A pure functional approach is not a good fit for games. Games (and graphics, and physics, and AI) and basically all about state changes. The correct functional approach to these problems would be to compute an entire new state once per loop, which will have a very severe performance penalty compared to coding more directly to how actual hardware works.

It is for that reason that you don't see any functional-style game engines in production. It is simply the wrong programming paradigm for the majority of problems a game engine is meant to solve. It is the wrong programming paradigm for the majority of problems that need to be solved in higher-level scripting and game logic code, too. While it is almost certainly possible to make a functional game engine, it would be slow, difficult and cumbersome to use, and would serve no real purpose other than being a neat demo/toy to show off.
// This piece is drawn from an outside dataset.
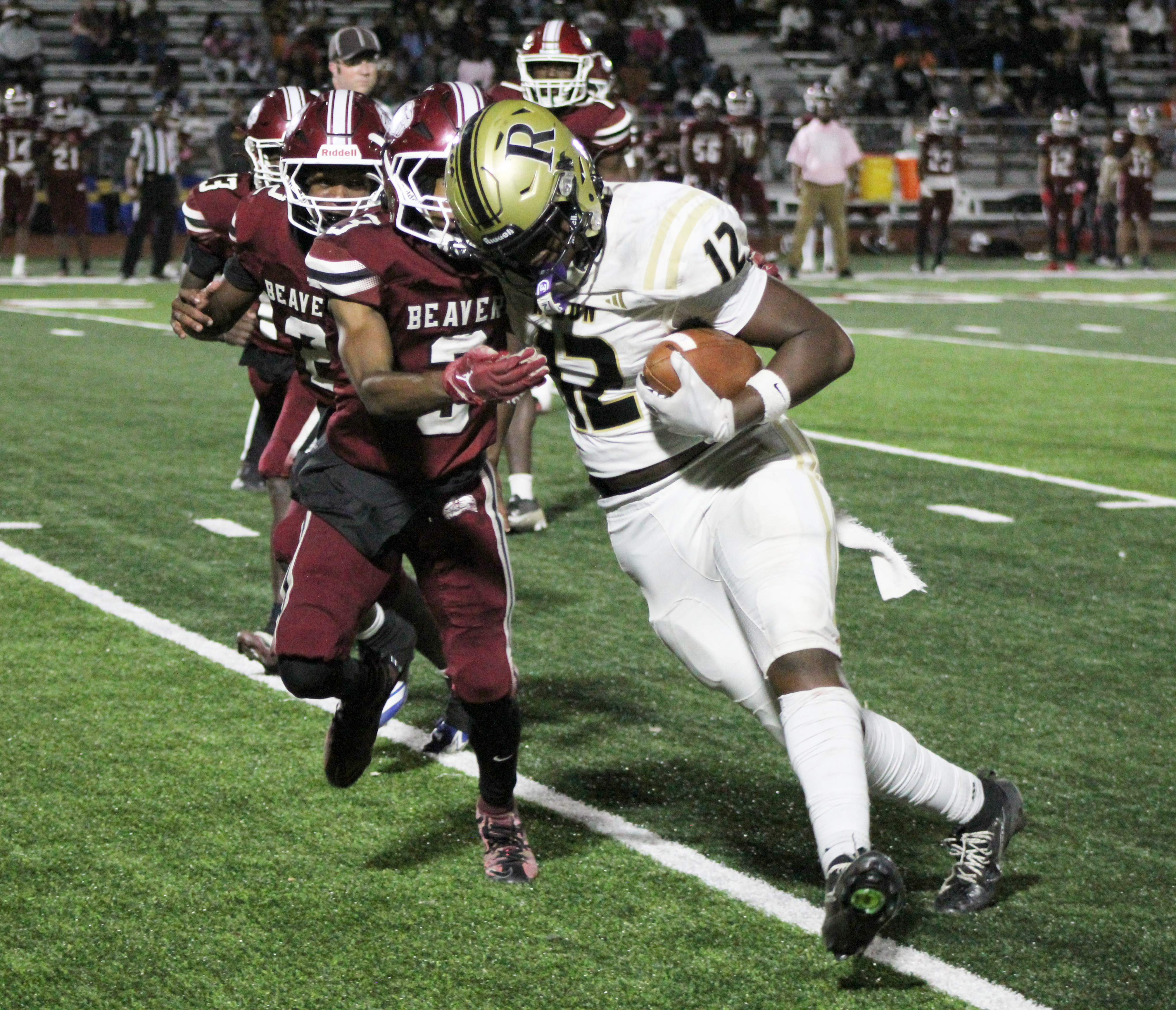 BIG CATCH FOR FRESHMAN - Rison’s freshman tight end Isaiah Hamilton hauls in a 14-yard reception from sophomore quarterback Logan McGarity in a key 15-play scoring drive by the Wildcats that gave them a 39-36 lead with 1:33 left in the game.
That's not to say that functional programming doesn't have a place somewhere in games. I use a very functional style of coding (where appropriate) in C#, Unity JavaScript, and even C++11. Some very specific problems are best or at least most easily solved with a functional style, and most of the popular languages today support that form of programming, albeit in a more cumbersome manner than "real" functional languages. Usually these problems solved with functional approaches are not in the core engine code, nor in code that runs in the game itself. Functional coding can be quite beneficial for tools and offline data processing (baking models and other assets, for instance). It's also arguable that GPU programming is vaguely functional in how algorithms are written, even though the actual coding is done in a hardware-efficient procedural manner.

Of course it can still be best to avoid functional approaches outside very specific circumstances since you want these offline tools to be as fast as possible. Functional languages excel at parallelism, which is good for some problems, but the abstractions from the hardware tend to lead to very inefficient single-threaded performance. (Languages like LISP do well here because they are not pure functional, and in fact Common LISP is multi-paradigm.) The absolute single worst thing for a game engine or related toolkit is to be a bottleneck for content iteration. A fancy engine with a lot of features that takes artists or level designers hours to do what could be done in 5 minutes (or ideally, near-instantly) will just lead to low quality games or cancellation due to budget escalation.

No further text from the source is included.